**Requirement**
Your task is to copy every line of the records below that contains "Mercedes".

**Supplied data**
<<<<

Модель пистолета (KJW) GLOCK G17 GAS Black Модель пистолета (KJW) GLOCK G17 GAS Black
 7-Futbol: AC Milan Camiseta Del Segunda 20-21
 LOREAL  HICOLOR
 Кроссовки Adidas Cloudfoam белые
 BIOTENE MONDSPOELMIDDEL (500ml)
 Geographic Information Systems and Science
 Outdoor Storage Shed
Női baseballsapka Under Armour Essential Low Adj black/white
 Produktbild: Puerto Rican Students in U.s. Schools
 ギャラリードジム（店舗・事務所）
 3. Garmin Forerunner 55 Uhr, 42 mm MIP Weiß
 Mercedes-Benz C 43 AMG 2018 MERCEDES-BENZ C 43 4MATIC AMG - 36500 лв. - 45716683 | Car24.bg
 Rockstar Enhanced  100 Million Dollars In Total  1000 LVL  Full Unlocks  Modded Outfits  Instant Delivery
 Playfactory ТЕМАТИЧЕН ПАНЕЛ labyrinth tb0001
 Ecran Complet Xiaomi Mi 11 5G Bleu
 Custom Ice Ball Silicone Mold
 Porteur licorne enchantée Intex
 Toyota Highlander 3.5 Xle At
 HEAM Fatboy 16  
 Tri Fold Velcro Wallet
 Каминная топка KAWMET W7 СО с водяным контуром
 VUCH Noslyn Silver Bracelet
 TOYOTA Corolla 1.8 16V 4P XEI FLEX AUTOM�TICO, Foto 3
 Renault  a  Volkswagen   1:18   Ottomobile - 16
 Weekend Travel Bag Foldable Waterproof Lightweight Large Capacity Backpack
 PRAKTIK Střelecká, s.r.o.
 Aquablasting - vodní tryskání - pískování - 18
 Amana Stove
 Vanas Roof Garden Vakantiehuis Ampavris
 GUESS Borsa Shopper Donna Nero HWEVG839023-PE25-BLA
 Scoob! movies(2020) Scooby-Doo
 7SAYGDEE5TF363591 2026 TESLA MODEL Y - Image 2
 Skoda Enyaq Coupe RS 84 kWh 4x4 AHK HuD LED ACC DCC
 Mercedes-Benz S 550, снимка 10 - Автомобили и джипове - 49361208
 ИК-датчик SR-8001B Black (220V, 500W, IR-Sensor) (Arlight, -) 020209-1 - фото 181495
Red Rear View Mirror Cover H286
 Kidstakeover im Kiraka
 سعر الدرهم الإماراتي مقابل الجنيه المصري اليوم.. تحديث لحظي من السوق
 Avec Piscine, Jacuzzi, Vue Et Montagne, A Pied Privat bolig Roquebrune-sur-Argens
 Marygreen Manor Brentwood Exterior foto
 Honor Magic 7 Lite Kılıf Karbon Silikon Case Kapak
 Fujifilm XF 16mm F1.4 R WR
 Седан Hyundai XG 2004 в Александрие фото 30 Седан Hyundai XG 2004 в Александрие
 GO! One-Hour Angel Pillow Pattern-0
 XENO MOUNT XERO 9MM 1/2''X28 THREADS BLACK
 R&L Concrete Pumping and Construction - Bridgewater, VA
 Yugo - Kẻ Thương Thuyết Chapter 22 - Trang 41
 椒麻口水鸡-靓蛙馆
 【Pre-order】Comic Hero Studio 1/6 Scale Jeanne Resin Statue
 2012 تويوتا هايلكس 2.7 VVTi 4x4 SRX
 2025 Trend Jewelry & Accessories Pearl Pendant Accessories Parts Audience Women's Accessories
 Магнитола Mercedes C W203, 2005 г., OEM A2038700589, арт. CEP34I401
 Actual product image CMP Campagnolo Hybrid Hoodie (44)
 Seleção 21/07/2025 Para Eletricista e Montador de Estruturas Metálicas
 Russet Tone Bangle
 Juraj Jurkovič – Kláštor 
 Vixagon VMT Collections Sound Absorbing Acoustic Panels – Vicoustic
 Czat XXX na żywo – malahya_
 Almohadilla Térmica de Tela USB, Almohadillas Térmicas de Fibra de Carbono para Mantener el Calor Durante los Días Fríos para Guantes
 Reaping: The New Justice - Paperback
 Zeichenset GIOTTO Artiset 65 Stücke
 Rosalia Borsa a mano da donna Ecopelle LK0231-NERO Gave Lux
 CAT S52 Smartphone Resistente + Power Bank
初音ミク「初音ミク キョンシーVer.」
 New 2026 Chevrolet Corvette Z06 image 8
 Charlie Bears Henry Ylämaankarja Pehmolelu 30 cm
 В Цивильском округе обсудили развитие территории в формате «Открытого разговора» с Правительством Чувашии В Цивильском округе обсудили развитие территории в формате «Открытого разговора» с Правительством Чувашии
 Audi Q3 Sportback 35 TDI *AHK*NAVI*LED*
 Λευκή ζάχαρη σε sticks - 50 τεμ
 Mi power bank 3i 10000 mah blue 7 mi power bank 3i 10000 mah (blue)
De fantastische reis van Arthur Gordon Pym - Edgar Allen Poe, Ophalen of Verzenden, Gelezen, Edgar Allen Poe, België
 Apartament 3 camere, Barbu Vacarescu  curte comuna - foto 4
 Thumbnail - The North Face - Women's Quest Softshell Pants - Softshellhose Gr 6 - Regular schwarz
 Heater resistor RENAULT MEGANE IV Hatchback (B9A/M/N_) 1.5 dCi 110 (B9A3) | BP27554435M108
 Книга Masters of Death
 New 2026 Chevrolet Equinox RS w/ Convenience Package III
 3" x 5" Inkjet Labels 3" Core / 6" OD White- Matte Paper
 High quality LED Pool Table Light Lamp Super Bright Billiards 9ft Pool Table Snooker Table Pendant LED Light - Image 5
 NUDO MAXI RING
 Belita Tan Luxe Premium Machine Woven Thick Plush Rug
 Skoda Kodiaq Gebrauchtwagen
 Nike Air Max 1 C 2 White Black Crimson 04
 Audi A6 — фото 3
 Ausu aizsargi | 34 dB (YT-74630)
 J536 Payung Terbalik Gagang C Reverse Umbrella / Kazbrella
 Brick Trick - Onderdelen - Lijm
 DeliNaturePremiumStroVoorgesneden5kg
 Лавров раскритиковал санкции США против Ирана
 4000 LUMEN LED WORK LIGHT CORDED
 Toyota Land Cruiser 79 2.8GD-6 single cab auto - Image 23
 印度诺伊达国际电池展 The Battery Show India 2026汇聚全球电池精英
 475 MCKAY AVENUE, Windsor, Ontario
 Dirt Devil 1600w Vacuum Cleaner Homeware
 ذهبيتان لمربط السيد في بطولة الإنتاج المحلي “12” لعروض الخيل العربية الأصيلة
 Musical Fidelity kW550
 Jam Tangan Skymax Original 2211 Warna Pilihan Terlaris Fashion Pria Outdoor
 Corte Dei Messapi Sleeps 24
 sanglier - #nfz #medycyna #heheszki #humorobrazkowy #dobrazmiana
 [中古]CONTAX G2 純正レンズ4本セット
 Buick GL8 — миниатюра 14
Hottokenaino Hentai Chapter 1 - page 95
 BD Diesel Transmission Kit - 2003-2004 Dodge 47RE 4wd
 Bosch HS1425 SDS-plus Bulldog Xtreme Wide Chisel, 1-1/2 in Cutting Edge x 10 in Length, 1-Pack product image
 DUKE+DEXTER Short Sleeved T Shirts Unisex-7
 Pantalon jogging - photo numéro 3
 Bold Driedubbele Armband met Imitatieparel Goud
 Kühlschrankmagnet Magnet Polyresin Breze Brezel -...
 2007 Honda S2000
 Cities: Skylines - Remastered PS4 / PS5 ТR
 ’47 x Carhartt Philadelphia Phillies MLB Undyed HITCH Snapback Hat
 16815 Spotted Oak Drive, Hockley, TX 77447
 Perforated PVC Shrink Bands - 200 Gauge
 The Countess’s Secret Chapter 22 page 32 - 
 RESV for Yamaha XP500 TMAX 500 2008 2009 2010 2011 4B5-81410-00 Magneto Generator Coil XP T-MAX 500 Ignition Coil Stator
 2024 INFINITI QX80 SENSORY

>>>>

**Exercise result**
 Mercedes-Benz C 43 AMG 2018 MERCEDES-BENZ C 43 4MATIC AMG - 36500 лв. - 45716683 | Car24.bg
 Mercedes-Benz S 550, снимка 10 - Автомобили и джипове - 49361208
 Магнитола Mercedes C W203, 2005 г., OEM A2038700589, арт. CEP34I401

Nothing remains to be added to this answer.